I sighed. There was really no other alternative. It was entirely possible I was ordering her death by having the computer start repairs, but it’s not like I could take her to any of the hospitals in the city or anything.
No, that would be the same as advertising to the world that Fialux was no longer the invulnerable heroine the world thought she was.
The moment that happened would be the moment every cut rate second-string JV villain in this city decided to take a shot at the quee
n. Heck, maybe every cut rate second-string JV villain in the world, for that matter.
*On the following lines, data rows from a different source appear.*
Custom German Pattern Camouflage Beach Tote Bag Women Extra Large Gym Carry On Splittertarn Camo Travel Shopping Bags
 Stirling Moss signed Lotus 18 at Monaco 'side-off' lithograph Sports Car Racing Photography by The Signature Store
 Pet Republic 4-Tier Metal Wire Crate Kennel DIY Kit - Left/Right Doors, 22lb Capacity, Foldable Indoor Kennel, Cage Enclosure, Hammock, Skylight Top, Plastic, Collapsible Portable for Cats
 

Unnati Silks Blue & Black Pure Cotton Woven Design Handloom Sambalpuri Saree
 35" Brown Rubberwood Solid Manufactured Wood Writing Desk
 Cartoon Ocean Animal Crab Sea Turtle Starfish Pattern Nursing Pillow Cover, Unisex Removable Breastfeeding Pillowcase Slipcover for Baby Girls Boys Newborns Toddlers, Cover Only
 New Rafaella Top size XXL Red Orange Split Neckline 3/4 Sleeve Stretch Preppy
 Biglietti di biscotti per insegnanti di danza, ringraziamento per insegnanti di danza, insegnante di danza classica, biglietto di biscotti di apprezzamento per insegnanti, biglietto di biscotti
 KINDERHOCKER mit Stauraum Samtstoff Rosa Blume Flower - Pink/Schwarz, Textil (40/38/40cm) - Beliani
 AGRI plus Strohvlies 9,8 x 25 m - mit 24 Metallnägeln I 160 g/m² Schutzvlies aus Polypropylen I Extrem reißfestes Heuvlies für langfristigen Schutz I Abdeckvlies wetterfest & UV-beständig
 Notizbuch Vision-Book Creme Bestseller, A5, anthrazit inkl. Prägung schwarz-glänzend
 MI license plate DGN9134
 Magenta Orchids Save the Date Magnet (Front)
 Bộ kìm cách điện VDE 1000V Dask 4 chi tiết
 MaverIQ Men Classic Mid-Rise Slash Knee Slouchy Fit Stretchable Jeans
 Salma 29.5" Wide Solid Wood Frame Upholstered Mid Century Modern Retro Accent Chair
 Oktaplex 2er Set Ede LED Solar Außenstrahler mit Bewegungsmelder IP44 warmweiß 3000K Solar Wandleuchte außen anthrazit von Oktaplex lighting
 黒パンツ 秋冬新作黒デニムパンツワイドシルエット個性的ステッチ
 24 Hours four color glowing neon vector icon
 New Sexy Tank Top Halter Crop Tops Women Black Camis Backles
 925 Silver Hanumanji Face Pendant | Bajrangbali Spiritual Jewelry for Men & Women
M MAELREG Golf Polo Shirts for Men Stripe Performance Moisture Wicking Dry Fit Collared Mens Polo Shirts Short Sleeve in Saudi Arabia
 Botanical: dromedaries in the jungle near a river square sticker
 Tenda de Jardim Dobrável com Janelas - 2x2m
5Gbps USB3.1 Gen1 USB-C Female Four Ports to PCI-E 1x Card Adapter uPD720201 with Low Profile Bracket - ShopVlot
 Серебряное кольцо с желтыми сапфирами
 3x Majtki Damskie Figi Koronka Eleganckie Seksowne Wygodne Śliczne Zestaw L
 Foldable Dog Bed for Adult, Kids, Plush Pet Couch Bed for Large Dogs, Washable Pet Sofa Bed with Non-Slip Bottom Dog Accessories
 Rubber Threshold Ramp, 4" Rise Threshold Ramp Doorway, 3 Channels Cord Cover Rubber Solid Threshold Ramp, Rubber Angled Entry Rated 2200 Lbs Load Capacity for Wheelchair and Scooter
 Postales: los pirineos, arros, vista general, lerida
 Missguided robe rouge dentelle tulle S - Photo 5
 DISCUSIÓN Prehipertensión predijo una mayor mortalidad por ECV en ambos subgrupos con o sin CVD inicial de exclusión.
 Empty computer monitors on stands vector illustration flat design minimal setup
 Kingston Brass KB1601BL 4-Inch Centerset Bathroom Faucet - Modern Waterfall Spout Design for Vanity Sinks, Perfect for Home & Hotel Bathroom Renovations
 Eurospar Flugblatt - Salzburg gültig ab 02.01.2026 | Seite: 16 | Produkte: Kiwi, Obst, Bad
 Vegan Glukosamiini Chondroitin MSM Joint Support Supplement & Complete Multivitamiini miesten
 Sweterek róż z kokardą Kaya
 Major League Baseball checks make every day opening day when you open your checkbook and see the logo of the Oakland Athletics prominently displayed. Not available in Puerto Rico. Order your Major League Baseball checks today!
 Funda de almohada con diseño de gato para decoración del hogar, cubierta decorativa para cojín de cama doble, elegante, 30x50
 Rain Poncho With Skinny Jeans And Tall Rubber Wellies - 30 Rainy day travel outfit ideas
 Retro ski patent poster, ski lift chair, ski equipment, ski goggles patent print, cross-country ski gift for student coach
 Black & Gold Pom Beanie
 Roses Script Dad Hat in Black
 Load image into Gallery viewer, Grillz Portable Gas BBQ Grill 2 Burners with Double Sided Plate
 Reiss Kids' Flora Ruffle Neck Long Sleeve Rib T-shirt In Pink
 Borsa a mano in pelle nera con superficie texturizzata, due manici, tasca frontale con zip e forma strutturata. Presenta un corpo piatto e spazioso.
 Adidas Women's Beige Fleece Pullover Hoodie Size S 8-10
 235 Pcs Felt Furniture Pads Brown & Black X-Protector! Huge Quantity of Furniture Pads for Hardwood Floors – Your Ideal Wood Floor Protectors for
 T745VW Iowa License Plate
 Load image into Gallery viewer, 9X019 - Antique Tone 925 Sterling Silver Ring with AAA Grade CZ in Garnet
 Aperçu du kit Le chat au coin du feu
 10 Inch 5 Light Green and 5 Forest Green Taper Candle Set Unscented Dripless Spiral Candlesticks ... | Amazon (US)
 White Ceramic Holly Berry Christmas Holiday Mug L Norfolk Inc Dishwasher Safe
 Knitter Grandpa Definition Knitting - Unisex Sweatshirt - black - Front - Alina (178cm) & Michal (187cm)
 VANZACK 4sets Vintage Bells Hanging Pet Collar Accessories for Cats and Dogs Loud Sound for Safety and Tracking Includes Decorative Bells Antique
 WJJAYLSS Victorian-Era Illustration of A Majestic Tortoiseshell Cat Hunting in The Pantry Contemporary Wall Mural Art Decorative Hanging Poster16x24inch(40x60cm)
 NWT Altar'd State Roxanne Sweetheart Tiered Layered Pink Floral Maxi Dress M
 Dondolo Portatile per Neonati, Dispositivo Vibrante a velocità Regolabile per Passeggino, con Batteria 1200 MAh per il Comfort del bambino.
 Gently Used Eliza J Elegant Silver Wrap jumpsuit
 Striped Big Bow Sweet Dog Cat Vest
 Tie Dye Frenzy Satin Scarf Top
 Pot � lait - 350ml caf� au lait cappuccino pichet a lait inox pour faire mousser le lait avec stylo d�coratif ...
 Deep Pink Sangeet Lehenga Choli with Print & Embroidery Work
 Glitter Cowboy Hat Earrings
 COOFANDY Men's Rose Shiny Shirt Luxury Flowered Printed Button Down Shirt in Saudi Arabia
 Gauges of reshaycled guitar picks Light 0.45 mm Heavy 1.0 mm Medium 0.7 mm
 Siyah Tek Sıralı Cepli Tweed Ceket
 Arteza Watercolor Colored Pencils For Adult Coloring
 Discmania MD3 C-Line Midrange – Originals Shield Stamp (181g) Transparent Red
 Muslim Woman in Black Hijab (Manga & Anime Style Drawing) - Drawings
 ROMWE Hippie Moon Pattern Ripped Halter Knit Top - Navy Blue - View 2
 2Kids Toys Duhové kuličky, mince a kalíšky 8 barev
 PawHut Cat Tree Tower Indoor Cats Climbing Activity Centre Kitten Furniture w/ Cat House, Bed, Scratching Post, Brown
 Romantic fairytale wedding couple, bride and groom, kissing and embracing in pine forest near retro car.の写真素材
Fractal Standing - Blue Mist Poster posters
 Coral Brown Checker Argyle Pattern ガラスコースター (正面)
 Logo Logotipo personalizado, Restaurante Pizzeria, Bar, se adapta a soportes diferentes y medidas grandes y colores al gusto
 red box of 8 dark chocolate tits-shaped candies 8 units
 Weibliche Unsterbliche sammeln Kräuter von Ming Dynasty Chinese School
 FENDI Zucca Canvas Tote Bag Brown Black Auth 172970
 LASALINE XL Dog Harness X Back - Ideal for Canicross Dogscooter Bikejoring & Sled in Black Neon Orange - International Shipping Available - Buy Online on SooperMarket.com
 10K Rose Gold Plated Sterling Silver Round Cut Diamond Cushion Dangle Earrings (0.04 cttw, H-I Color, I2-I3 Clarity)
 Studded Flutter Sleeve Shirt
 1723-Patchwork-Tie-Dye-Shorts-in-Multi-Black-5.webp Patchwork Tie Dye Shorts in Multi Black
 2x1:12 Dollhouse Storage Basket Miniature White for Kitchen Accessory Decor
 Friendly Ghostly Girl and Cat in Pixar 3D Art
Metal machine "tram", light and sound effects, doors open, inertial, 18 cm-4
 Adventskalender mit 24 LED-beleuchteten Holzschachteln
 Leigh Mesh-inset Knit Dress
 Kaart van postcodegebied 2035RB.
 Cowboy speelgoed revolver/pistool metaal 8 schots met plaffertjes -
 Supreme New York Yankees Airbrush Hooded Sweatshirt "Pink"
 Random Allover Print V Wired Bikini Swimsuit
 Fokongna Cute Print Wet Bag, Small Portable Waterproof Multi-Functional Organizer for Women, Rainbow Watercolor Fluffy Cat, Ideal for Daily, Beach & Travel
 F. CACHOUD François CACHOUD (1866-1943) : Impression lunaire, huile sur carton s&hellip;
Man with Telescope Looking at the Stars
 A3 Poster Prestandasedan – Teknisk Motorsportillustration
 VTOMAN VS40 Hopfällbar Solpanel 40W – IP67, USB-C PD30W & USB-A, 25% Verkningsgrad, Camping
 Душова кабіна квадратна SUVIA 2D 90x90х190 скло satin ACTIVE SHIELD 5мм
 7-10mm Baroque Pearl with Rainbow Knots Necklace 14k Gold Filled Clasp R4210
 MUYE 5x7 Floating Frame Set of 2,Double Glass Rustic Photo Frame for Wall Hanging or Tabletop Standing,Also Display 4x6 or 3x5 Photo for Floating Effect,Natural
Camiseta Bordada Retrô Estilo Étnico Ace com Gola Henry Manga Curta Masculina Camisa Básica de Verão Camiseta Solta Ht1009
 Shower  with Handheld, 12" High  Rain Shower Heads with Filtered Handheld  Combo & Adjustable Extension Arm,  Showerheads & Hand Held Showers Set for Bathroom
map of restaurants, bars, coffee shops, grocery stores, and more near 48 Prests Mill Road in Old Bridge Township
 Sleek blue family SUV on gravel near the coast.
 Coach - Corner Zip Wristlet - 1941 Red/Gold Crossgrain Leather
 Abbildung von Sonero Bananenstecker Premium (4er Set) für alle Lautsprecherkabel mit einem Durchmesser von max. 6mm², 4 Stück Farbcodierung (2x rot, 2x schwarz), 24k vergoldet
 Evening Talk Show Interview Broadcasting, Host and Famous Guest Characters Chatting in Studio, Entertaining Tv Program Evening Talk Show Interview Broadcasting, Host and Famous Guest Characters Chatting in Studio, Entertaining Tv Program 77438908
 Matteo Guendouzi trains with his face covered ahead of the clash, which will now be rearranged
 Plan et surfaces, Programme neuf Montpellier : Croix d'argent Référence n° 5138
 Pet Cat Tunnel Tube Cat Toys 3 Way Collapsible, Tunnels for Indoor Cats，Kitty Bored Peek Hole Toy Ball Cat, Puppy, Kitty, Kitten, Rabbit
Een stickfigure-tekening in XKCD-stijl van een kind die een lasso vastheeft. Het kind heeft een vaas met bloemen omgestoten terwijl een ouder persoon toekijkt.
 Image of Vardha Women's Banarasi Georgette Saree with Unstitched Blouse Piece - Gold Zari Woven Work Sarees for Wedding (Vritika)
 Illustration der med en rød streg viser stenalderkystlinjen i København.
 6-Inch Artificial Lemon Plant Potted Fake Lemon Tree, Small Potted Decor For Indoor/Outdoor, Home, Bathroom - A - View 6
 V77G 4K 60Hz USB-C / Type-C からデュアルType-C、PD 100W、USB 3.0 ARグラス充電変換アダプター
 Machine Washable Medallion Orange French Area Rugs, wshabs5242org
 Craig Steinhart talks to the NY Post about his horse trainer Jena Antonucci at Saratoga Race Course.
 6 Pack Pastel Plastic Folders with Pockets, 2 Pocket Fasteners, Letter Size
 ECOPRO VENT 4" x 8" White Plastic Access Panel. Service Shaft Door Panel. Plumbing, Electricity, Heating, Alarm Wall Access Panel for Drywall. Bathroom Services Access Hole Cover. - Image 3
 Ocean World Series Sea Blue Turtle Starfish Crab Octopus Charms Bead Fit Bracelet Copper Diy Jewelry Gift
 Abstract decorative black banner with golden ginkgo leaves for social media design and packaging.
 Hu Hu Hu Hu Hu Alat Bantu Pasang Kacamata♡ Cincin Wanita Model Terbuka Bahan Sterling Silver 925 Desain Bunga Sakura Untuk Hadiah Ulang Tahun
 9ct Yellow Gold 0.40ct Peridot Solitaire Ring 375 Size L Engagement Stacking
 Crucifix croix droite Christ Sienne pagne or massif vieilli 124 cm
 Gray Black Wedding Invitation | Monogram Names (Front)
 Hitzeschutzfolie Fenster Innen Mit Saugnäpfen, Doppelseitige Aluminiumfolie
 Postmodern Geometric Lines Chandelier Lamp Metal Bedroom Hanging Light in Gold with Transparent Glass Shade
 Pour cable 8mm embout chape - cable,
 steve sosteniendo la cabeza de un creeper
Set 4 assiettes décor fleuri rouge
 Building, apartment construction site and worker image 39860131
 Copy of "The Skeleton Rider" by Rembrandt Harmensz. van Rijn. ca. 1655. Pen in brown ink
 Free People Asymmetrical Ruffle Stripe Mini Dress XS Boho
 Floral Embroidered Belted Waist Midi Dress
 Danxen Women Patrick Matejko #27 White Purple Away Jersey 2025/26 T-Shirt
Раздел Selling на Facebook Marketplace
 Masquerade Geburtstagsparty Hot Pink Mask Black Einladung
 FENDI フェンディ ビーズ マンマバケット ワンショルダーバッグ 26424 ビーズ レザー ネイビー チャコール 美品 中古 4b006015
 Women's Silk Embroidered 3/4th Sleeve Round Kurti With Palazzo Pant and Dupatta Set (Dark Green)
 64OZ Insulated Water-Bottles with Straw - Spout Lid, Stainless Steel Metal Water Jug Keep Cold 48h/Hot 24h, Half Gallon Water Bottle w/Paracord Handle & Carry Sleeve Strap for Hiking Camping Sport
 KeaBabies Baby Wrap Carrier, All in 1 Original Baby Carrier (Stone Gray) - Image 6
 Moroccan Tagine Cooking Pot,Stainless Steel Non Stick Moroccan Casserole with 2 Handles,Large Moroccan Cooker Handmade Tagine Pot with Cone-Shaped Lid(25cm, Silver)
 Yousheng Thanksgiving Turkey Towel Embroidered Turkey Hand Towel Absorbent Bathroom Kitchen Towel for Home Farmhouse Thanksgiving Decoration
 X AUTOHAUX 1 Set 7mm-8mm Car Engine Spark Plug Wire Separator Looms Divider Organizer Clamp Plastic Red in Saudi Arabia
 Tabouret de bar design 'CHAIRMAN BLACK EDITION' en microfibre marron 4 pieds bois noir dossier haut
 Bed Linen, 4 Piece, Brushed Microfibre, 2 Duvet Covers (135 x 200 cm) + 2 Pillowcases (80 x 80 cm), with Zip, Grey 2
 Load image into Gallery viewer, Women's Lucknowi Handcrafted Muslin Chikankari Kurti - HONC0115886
Which meant it would be nothing but work for me because I’d be obligated to reduce any idiot who decided to come at Fialux to their component atomic parts. Which I was totally down for doing if it became necessary, but once people started coming at you it was nothing but work all day long until enough people got vaporized that everyone else got the message, and I wasn’t looking forward to that when I had a big old distraction like Dr. Lana lurking out there.
“Do what you have to do to save her,” I said.
There was another worry lurking in the back of my mind as I watched the medical computer go to work. There was always the risk that by saving her right now I could do something that would make it impossible to reverse whatever it was that Dr. Lana had done to her with that strange purple ray.
Of course if she was dead it’s not like there’d be much of a chance to reverse what Dr. Lana had done, so it was really one of those situations where you were damned if you do and damned if you don’t.
I figured the option where I could save her now and potentially rob her permanently of her powers was the better of two options. Even if she might not ever forgive me for doing that to her.
Damn it. And things had finally been going so well too.
“Starting the repair process,” the computer said.
Boy did it start the repair process. I’d never seen this from the outside because the only times I’d ever needed to use this thing was when I needed to use it on myself.
No one was allowed into the lab where I did my personal repairs. I didn’t even let the other computers in my lab come near the medical computer, for that matter.
I had quietly shared the patent to some of the med bay technology so it would be freely available to anyone who wanted to riff on the idea. I probably could’ve made a fortune on the thing, but I figured this was one invention that would be better off out there in the world if someone could ever figure out how to make it work outside my lab.